Joy and celebration are among the beautiful parts of life. But as night has its day and light has its dark, there is always contrast – a bright and a shadow side of all things.
Heartbreak is a terrain we all travel at least once in our human journey. I’m not talking about the feeling of sadness, but rather when your heart has been roasted on a spit and feels like acupuncture needles are slivered in with a dull ache. I’m talking about when your heart’s been impaled, shredded and ripped from your chest, trampled on the floor in a puddle of blood and tears. When you walk around in the world with a heavy pooling weight in your chest cavity, feeling as though a slight pull of an invisible string could unravel you in a pile of broken bits in the grocery store next to the bright rows of milk cartons. Death by heartbreak on isle 4.
True heartbreak is a terrain we all travel.
Recently, a friend of mine returned home for her father’s funeral. In the aftermath, we sat at grocery store watching the swarms of people pass to and fro, clothes and wallets, smiling faces, shopping carts with particular items for their particular lives.

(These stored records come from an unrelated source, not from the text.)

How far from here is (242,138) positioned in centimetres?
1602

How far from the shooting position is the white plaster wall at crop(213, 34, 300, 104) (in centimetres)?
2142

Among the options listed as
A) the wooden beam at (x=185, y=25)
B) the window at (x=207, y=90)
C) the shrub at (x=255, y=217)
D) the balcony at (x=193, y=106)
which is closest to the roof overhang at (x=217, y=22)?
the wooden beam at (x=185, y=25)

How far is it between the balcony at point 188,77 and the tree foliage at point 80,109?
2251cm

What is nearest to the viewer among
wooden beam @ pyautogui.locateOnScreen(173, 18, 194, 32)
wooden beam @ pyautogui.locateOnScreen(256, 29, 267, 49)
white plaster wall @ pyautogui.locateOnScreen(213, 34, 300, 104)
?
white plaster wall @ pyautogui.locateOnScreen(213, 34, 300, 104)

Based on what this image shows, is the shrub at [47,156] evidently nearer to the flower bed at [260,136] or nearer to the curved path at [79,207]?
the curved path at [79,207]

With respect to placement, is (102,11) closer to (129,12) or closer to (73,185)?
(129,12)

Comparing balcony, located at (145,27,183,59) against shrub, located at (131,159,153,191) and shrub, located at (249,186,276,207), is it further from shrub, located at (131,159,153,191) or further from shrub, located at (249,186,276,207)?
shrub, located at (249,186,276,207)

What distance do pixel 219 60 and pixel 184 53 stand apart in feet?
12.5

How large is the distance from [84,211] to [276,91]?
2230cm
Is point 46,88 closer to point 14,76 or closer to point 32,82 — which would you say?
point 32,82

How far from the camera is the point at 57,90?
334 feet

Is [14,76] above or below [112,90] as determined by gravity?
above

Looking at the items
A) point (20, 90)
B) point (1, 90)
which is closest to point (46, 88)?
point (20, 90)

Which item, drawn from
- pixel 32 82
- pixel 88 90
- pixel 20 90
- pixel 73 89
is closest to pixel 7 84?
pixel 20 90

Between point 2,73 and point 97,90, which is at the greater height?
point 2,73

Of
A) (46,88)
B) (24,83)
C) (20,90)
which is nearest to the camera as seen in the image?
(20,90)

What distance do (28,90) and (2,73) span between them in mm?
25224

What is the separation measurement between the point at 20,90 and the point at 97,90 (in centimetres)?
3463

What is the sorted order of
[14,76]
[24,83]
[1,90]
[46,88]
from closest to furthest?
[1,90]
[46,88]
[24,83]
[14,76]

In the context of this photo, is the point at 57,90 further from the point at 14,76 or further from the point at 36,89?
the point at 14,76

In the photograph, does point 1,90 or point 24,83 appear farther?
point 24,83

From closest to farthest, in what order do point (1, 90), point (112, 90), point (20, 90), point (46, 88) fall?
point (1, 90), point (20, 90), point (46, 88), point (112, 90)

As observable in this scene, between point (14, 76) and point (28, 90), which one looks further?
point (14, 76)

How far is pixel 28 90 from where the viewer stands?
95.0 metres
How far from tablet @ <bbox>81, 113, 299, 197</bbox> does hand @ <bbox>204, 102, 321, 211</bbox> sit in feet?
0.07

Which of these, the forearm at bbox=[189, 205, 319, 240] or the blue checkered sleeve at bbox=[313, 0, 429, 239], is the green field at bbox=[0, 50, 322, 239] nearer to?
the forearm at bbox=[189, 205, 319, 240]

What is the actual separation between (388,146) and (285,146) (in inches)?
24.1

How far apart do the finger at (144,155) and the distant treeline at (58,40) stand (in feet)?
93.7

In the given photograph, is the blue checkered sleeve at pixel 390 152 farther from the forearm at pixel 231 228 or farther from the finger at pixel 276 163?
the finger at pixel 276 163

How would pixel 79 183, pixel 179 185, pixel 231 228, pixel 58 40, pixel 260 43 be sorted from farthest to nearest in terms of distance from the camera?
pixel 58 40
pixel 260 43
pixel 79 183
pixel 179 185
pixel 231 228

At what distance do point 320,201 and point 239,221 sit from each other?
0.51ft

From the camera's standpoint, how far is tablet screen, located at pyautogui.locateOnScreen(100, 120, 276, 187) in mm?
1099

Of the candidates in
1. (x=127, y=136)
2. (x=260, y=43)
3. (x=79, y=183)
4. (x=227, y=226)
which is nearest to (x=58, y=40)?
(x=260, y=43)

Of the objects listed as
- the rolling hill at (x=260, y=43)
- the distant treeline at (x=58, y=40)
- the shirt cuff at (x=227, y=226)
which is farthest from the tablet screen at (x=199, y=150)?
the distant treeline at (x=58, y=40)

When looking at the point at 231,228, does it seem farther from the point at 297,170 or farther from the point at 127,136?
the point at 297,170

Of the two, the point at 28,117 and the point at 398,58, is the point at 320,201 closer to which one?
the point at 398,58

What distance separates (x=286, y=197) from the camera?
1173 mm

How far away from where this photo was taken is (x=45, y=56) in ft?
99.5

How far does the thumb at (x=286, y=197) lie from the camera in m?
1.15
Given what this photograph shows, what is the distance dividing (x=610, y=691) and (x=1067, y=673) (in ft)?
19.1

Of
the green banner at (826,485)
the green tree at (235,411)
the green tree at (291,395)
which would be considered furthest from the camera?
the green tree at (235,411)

We talked about how there are people walking around everywhere in the world with parts of them broken, with parents that won’t return, single moms, kids without their real dads, relationships thrown by the wayside. There are broken people everywhere, walking through life, sometimes barely hanging on. And yet all we see is clothes and wallets, and the smiles they put on, the masks we use to hide our pain. This is the shadow side where all of us feel a little, or a lot, alone.

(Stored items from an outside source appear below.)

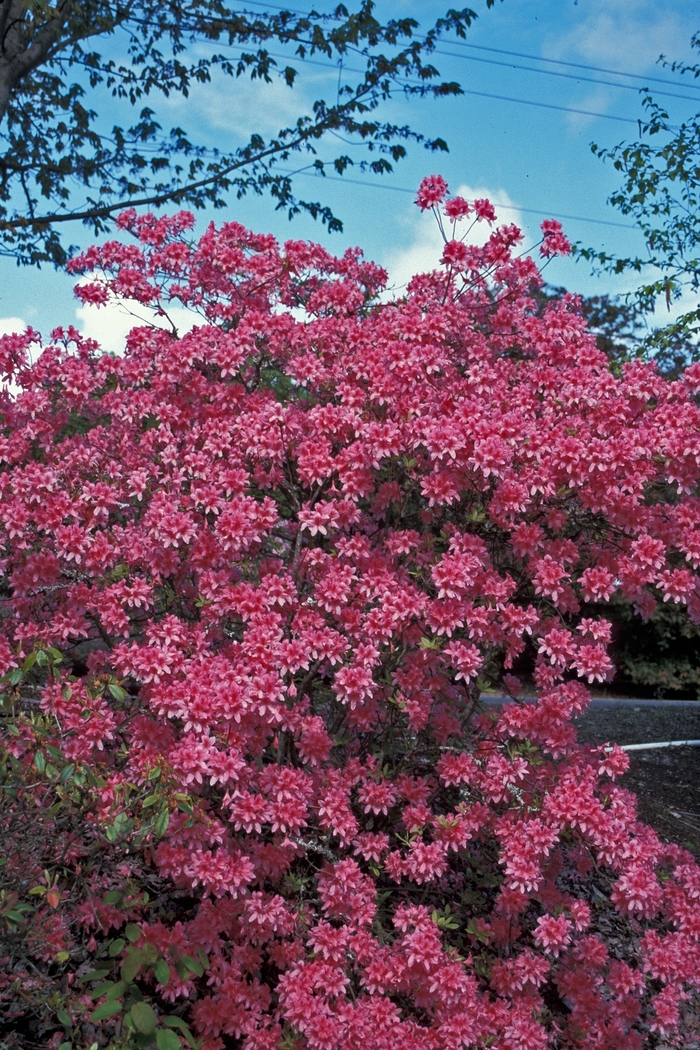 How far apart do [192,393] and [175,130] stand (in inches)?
369

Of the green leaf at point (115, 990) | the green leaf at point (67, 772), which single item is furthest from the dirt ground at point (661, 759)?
the green leaf at point (67, 772)

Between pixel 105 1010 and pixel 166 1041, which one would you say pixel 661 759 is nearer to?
pixel 166 1041

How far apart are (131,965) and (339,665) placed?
1.38 m

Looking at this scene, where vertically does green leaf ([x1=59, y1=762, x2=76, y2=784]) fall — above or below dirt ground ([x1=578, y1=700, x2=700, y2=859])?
above

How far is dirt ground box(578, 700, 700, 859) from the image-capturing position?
6.84 m

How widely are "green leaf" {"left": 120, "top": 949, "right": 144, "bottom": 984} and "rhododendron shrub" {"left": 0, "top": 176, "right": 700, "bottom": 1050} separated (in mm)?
51

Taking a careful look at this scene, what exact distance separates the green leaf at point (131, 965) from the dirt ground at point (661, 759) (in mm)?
4446

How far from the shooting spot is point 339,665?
387cm

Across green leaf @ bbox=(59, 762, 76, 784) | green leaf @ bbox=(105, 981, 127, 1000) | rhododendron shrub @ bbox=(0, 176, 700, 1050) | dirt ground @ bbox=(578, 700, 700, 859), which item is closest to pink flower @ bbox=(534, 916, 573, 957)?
rhododendron shrub @ bbox=(0, 176, 700, 1050)

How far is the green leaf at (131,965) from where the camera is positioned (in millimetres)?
2943

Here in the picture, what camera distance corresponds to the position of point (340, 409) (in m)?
3.87

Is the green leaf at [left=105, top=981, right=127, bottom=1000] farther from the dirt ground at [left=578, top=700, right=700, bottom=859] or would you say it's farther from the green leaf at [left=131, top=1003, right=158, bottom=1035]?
the dirt ground at [left=578, top=700, right=700, bottom=859]

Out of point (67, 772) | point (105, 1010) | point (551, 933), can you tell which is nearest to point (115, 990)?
point (105, 1010)

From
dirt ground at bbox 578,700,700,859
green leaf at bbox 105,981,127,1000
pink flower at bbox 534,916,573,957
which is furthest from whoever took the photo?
dirt ground at bbox 578,700,700,859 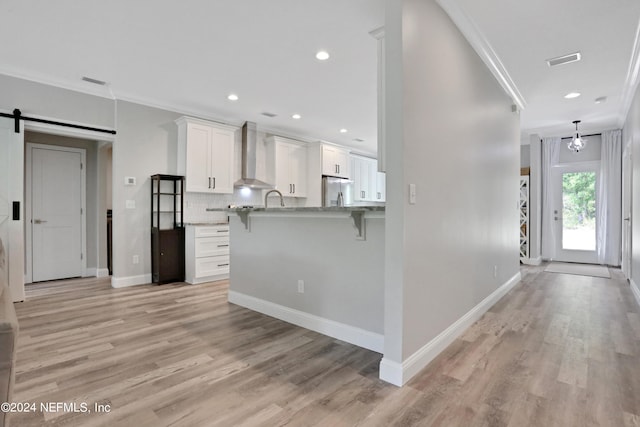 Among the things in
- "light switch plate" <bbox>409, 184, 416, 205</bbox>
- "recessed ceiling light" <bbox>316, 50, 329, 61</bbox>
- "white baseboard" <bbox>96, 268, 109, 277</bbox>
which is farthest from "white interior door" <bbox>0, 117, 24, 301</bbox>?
"light switch plate" <bbox>409, 184, 416, 205</bbox>

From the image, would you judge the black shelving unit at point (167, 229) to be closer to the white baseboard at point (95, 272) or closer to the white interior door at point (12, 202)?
the white baseboard at point (95, 272)

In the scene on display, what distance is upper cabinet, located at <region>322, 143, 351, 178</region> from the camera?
675 cm

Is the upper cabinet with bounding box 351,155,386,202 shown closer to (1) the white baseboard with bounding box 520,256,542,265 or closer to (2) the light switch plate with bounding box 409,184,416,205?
(1) the white baseboard with bounding box 520,256,542,265

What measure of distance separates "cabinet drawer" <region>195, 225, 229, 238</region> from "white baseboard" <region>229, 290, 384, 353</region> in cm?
148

But I don’t like to believe in broken things. I believe in restoration. I’ve seen it too many times in my life, how God can make something beautiful out of pain.
In Japan, they practice a fascinating art called Kintsugi, which means, “to repair with gold.” When a bowl is broken into pieces it’s not thrown away, but rather put back together with gold seams (Kintsugi images). There’s no attempt to hide the damage or to pretend that the pottery hasn’t been broken. Instead, the repair is illuminated with the gold used to seal the cracks and pieces together again.
The Japanese philosophy of embracing the flawed, or imperfect, shows up in this broken pottery. The gold highlights the cracks and repairs. It tells the story of an event in the life of this object. Instead of being thrown away, when the bowl has been broken or damaged, the life of the bowl continues instead of ends.
I love the concept of Kintsugi because it’s aligned with the heart of God. God can make something stunningly beautiful out of pain and heartbreak. He can restore relationships, heal disease or addiction, put families back together, and transform hearts. Nothing is impossible with God.
I love Kintsugi because not only is the bowl restored, but because of the gold it’s repaired with, the bowl becomes more precious and valuable than before it was damaged.
If you’re experiencing heartbreak, God is the healer. We can lay our burdens down at his feet because He cares for us. We can pray. We can ask God to show up and to remind us that we are loved overflowing. We can ask him to heal our heart and restore our broken things so they become beautiful parts of our story.
We can take walks in nature and appreciate the flowers, the green grass, the breeze, and the blue sky. We can enlist our support network of friends. We can watch funny movies and read books. We can find a therapist to help talk out our feelings (How to Find a Therapist You Love). There are still many things we can choose, even if we didn’t choose the heartbreak.
And remember God loves you, and is for your highest good. Keep joy, love, and hope in your heart. God can make all things new and beautiful, and better than they were before, inlaid with gold that shimmers in the sun.